President Obama’s nominee for deputy secretary of state has earned more than $8 million in salary and bonuses since January 2009 as an executive at a Wall Street bank that received a federal bailout.
Thomas R. Nides, a six-figure fundraiser for Hillary Rodham Clinton during her 2008 presidential run, disclosed his compensation from Morgan Stanley in a recent filing with the U.S. Office of Government Ethics.
Mr. Nides, the company’s chief operating officer, also said he remains eligible for additional bonus money at Morgan Stanley, which repaid its share of the federal bailout last year.
As deputy secretary of state for management and resources, Mr. Nides would replace Jacob Lew, who is awaiting confirmation as Mr. Obama’s federal budget chief and whose own nearly $1 million bonus at bailed-out banking giant Citigroup last year came under scrutiny.
The powerful position is one of two deputy secretary slots at the State Department, a post described on the department’s website as chief operating officer and “alter ego” to Mrs. Clinton, the secretary of state.
Mr. Nides told ethics regulators that he could receive a prorated bonus from the company based on his work there this year. He will remain with the firm during the Senate confirmation process, the company said in a Securities and Exchange Commission (SEC) filing. Morgan Stanley did not return telephone and e-mail messages seeking comment.

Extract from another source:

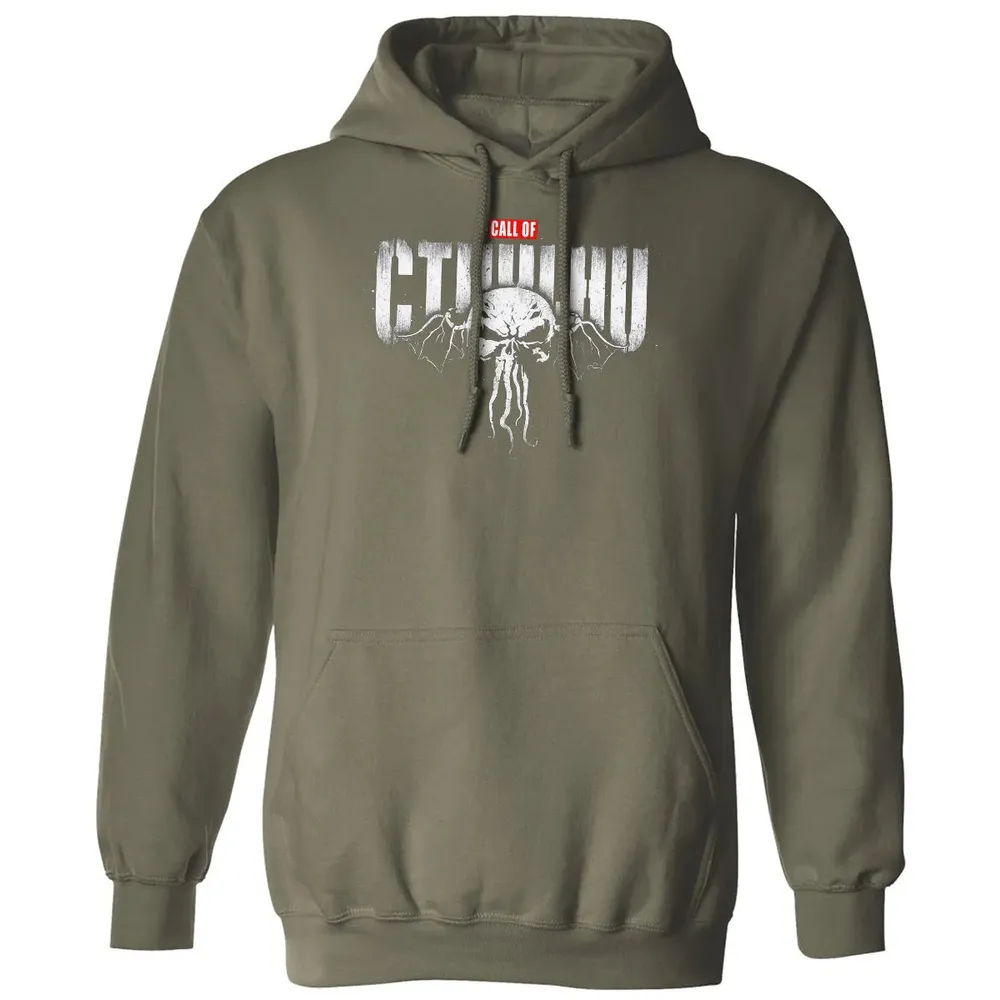 Call Of Cthulhu Classic Unisex Hoodie - 4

White House spokesman Tommy Vietor said that like all nominees, Mr. Nides will be subject to ethics restrictions barring his participation for two years in particular matters involving his former employer.
Asked whether Mr. Nides’ fundraising helped him get the job, Mr. Vietor said, “Mr. Nides was selected because he’s extremely well qualified for the job.” He referred questions about Mrs. Clinton’s involvement in Mr. Nides’ selection to the State Department. A State Department spokesman said officials there do not discuss pending nominations as a matter of policy.

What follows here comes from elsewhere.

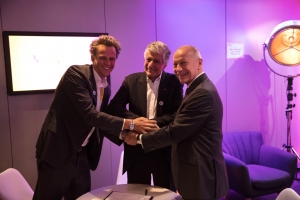 Groupe Renault gives a new Dimension to its On-Boarded Editorial content Platform and enters into a strategic Agreement with Publicis Groupe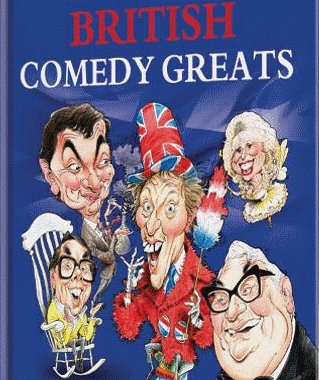 Logo of Classic British Comedy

Mr. Nides is well-connected politically. According to the watchdog group Public Citizen, he raised at least $100,000 for Mrs. Clinton’s 2008 campaign and election records show he personally donated tens of thousands of dollars to other federal politicians, including Mr. Obama.
Craig Holman, legislative director for Public Citizen, said money is the most effective way to befriend a politician and to gain access and appointments.
“Tom Nides from Wall Street has established a close relationship with Hillary Clinton and gets appointed into the department she oversees,” he said, adding that Mr. Nides joins Robert Hormats, a former Goldman Sachs executive who is now undersecretary of state for economic, business and agricultural affairs. Mr. Hormats “also established a long and substantial funding relationship with the Democratic Party and Hillary Clinton in particular,” Mr. Holman said.
But even though the appointment of major fundraisers for government jobs “reflects politics as usual,” Mr. Holman said, there is a critical difference between the Obama administration and previous administrations.
“These appointees are required under an ethics pledge to recuse themselves from official actions that directly and substantially impact their former employers and thus avoid the traditional capture of regulatory agencies by business interests,” Mr. Holman said, adding that Mr. Nides and Mr. Hormats won’t be involved in decisions affecting Morgan Stanley or Goldman Sachs, respectively.
Mr. Vietor said Mr. Nides’ ethics agreement addresses his potential 2010 bonus by requiring a recusal period of up to two years, as well as a commitment to divest his interest in stocks within 90 days of confirmation.
“Once he divests his financial interests in Morgan Stanley, he will not have any further conflicts as a result of those holdings,” Mr. Vietor said. “The remaining pledge and other ethics restrictions on Morgan Stanley will not impact his ability to serve as deputy secretary of state for management and resources.”
According to Mr. Nides’ ethics disclosure, he also holds an interest in a Morgan Stanley real estate fund that has extensive retail and residential investments overseas.
Mr. Vietor said the foreign investments, too, are also subject to ethics rules.
“For as long as he maintains his investment in the fund, Mr. Nides will of course comply with all applicable ethics rules as to those investments, including those limiting his participation in any particular matter that has a direct and predictable effect on any of the individual underlying investments,” Mr. Vietor said.
However, Mr. Vietor added that the deputy secretary doesn’t usually participate in matters involving real estate in foreign countries and “can easily be recused” from any such matters.
Mr. Nides was named chief operating officer at Morgan Stanley in December, though he already was serving as the company’s chief administrative officer. He has worked at the firm since 2005, not including a stint from 1996 to 1999.
It’s unclear how much, if any, of Mr. Nides’ bonus compensation was paid out when Morgan Stanley was taking taxpayer bailout funds. The company repaid taxpayers last year.
Morgan Stanley was among a group of Wall Street banks singled out by Obama administration pay czar Kenneth Feinberg in a report on executive pay earlier this year. The report derided as wasteful most bonuses that were paid out to executives by companies that took bailout assistance, but Mr. Feinberg’s review did not identify any executives by name and stopped short of recommending that they return money.
Tom Fitton, executive director of the conservative watchdog group Judicial Watch, which last year sued the Treasury Department to obtain records concerning the bailout, said he was less concerned with the Morgan Stanley ties than what he called the trajectory of Mr. Nides’ career. He called Mr. Nides a “Washington creature” and said the Senate ought to give close scrutiny to his time a decade ago as a senior vice president at Fannie Mae, which collapsed in 2008 amid an accounting scandal.
If both are confirmed, Mr. Nides would replace Mr. Lew, who is awaiting confirmation as director of the federal Office of Management and Budget. The Washington Times first reported this summer that Mr. Lew took a nearly $1 million bonus from Citigroup weeks before joining the State Department in 2009 at a time when the company was receiving federal bailout funds.
Asked about how his bonus served the public’s interest, Mr. Lew told Sen. Charles E. Grassley of Iowa, ranking member of the Senate Finance Committee: “My position at Citi was a management position. I was not an investment adviser. … My compensation was in line with other management executives at the firm and in similarly complex operations.”